» **Recorded data**
^^^^^^^^

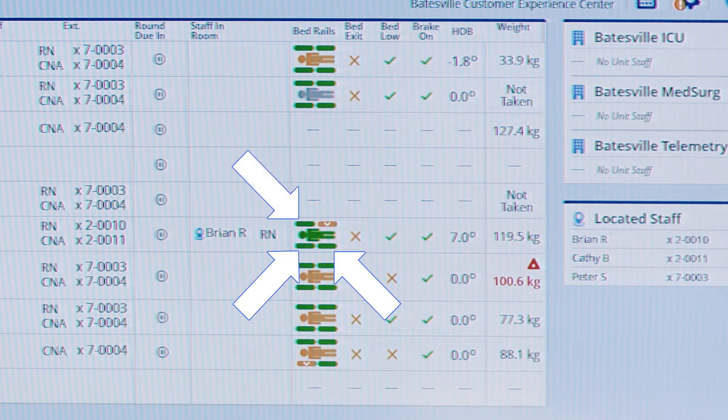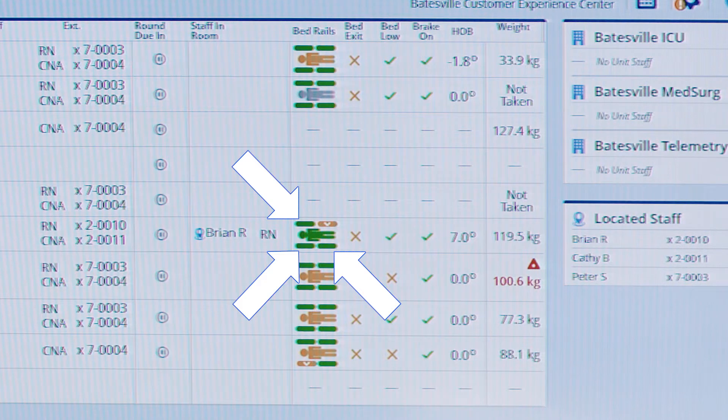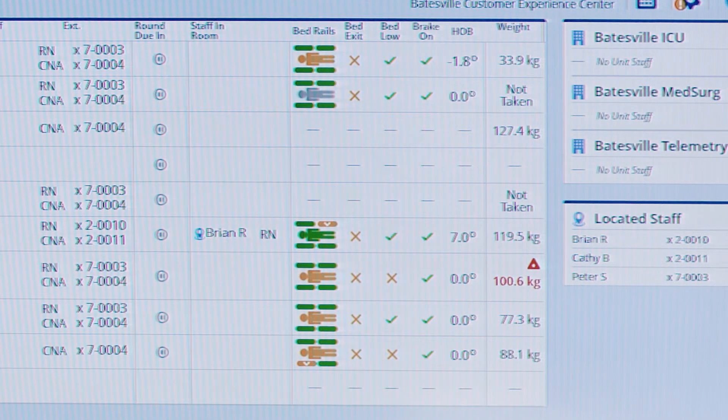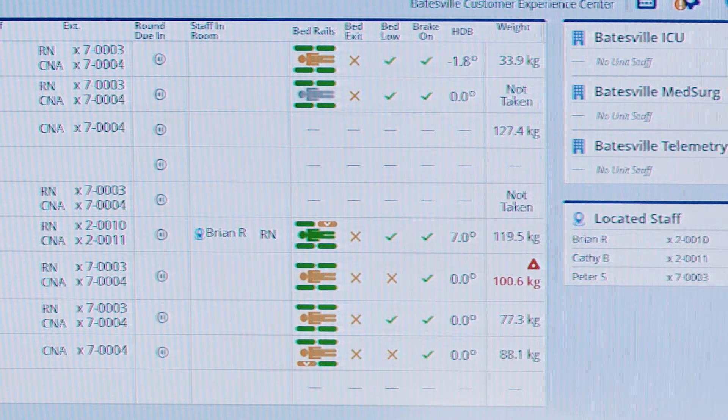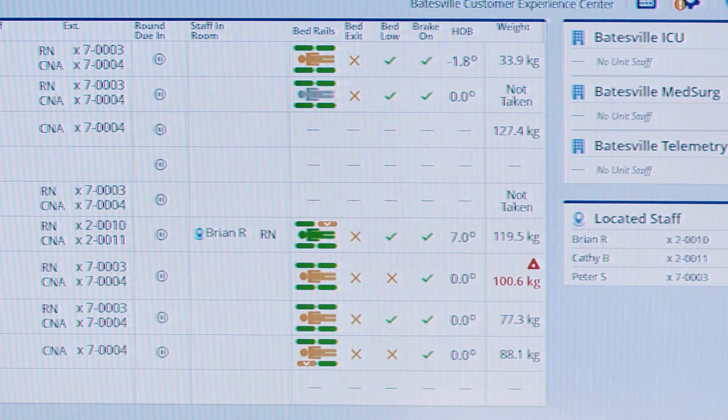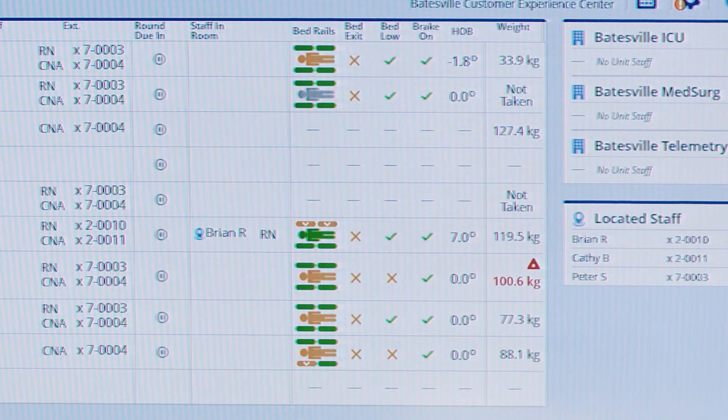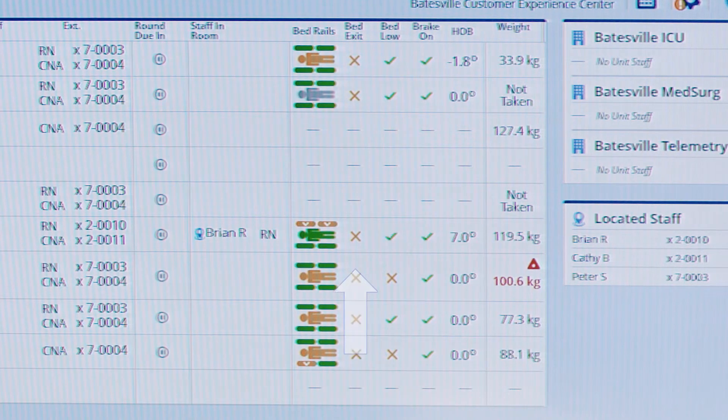Currently we have a bed that's located in room 200 with three side rails up, one side rail down. At any time the patient lowers a side rail, we receive an immediate response that there's been a change in the patient's safety environment.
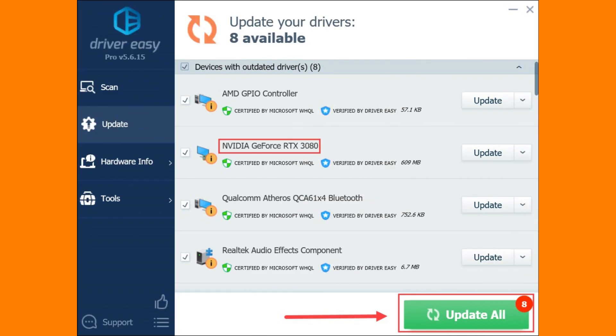2. Use Program Compatibility Troubleshooter. Open Windows Search and type Troubleshoot Settings.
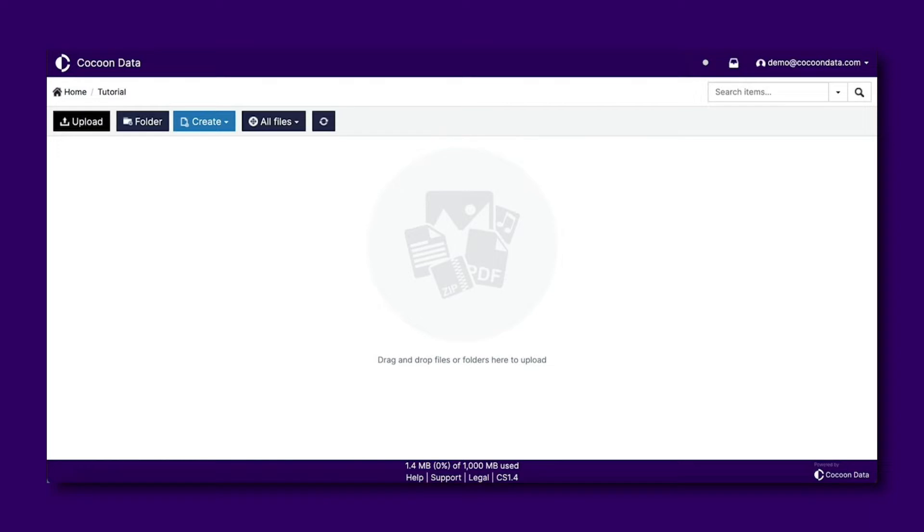By default, the Dynamic Watermarking feature will be enabled and applied to any shared files you have selected the view permission for a user.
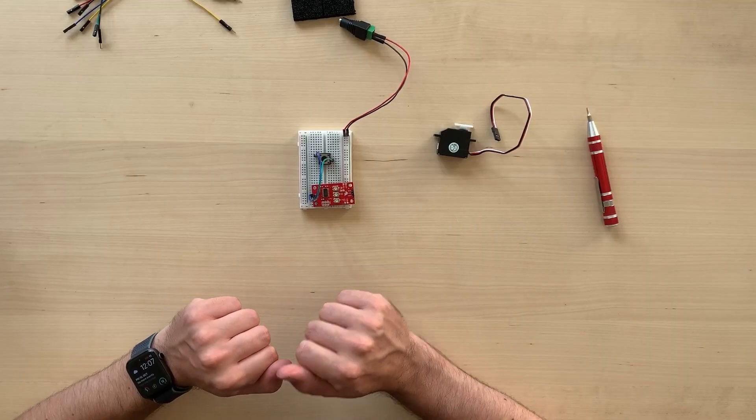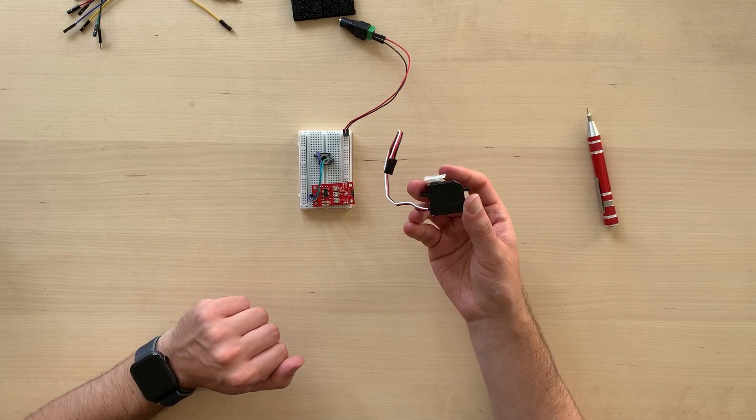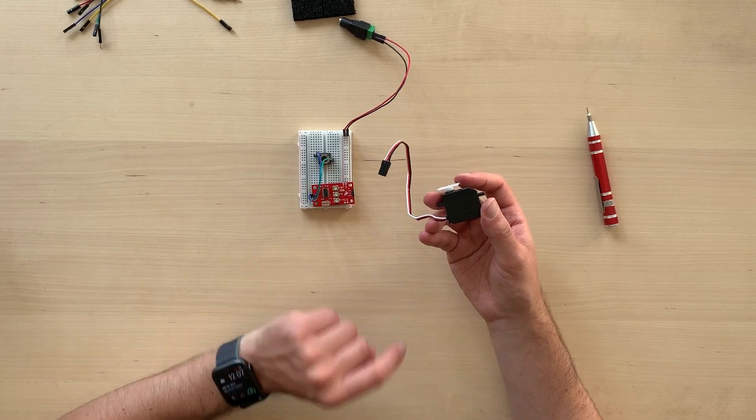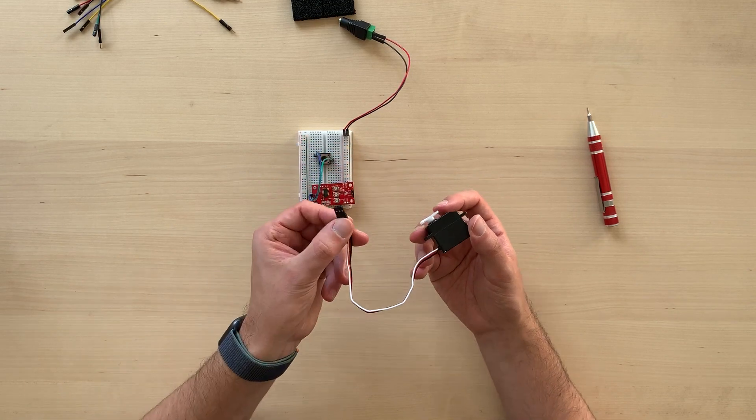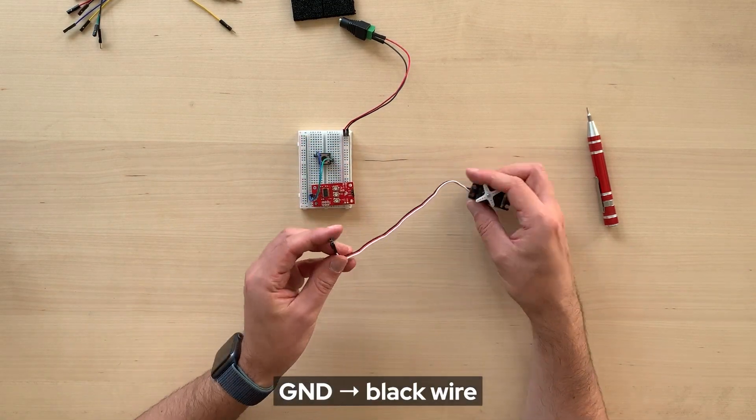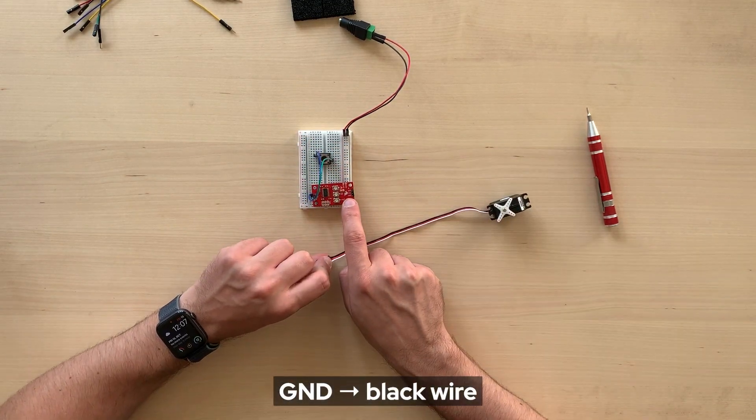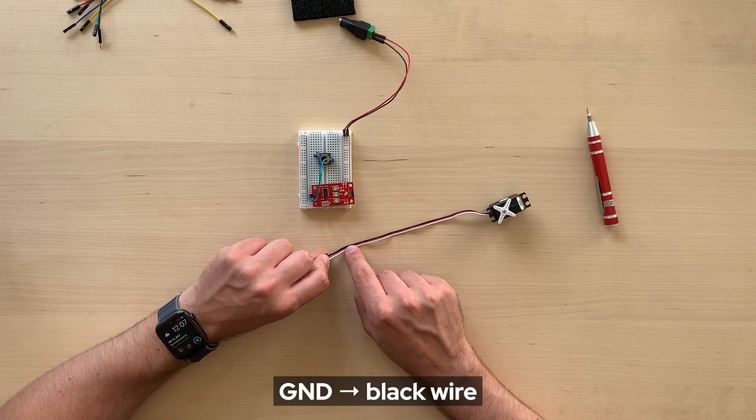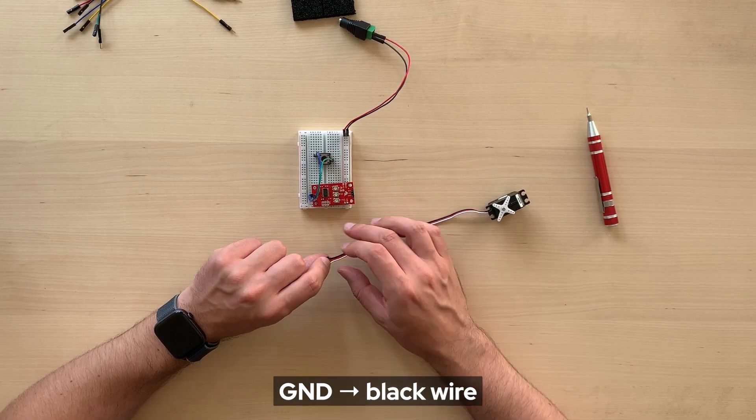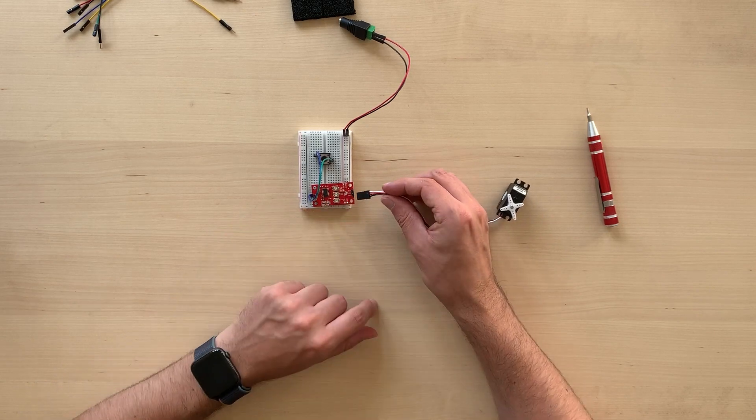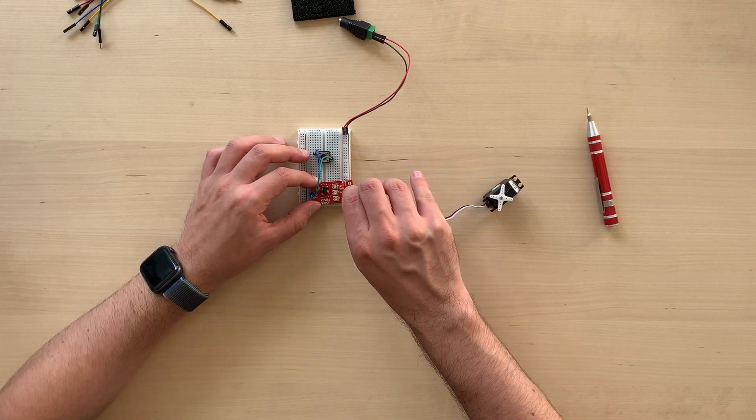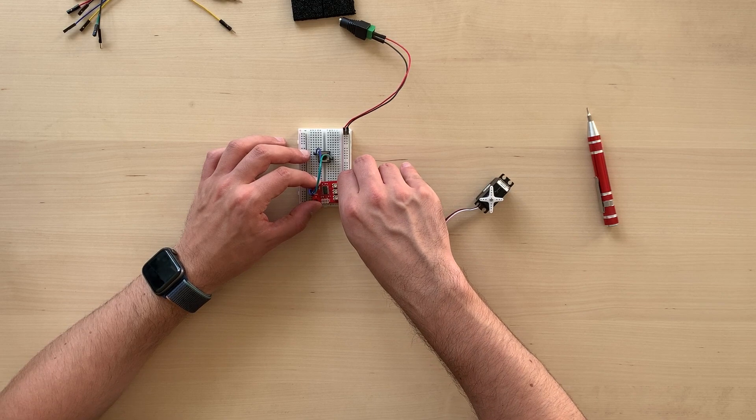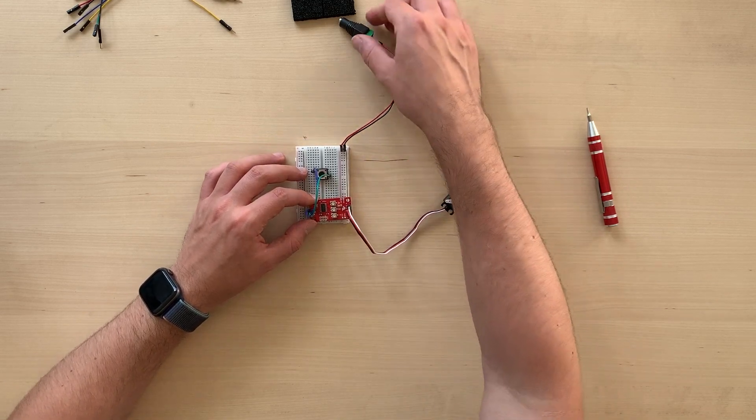Now, the last bit is to connect the engine, the servo, to the servo trigger. To do this, we just need to make sure that the GND pin on the servo trigger aligns with the black wire from the servo. And once you find this, you just need to slide the three pin connector in place. And voila! This is our circuit complete.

^^^^^^^^

» **Task to carry out**
Give back the whole of the material exactly, with the pictures removed.

» **Your solution**
Currently we have a bed that's located in room 200 with three side rails up, one side rail down. At any time the patient lowers a side rail, we receive an immediate response that there's been a change in the patient's safety environment.
2. Use Program Compatibility Troubleshooter. Open Windows Search and type Troubleshoot Settings.
By default, the Dynamic Watermarking feature will be enabled and applied to any shared files you have selected the view permission for a user.
Now, the last bit is to connect the engine, the servo, to the servo trigger. To do this, we just need to make sure that the GND pin on the servo trigger aligns with the black wire from the servo. And once you find this, you just need to slide the three pin connector in place. And voila! This is our circuit complete.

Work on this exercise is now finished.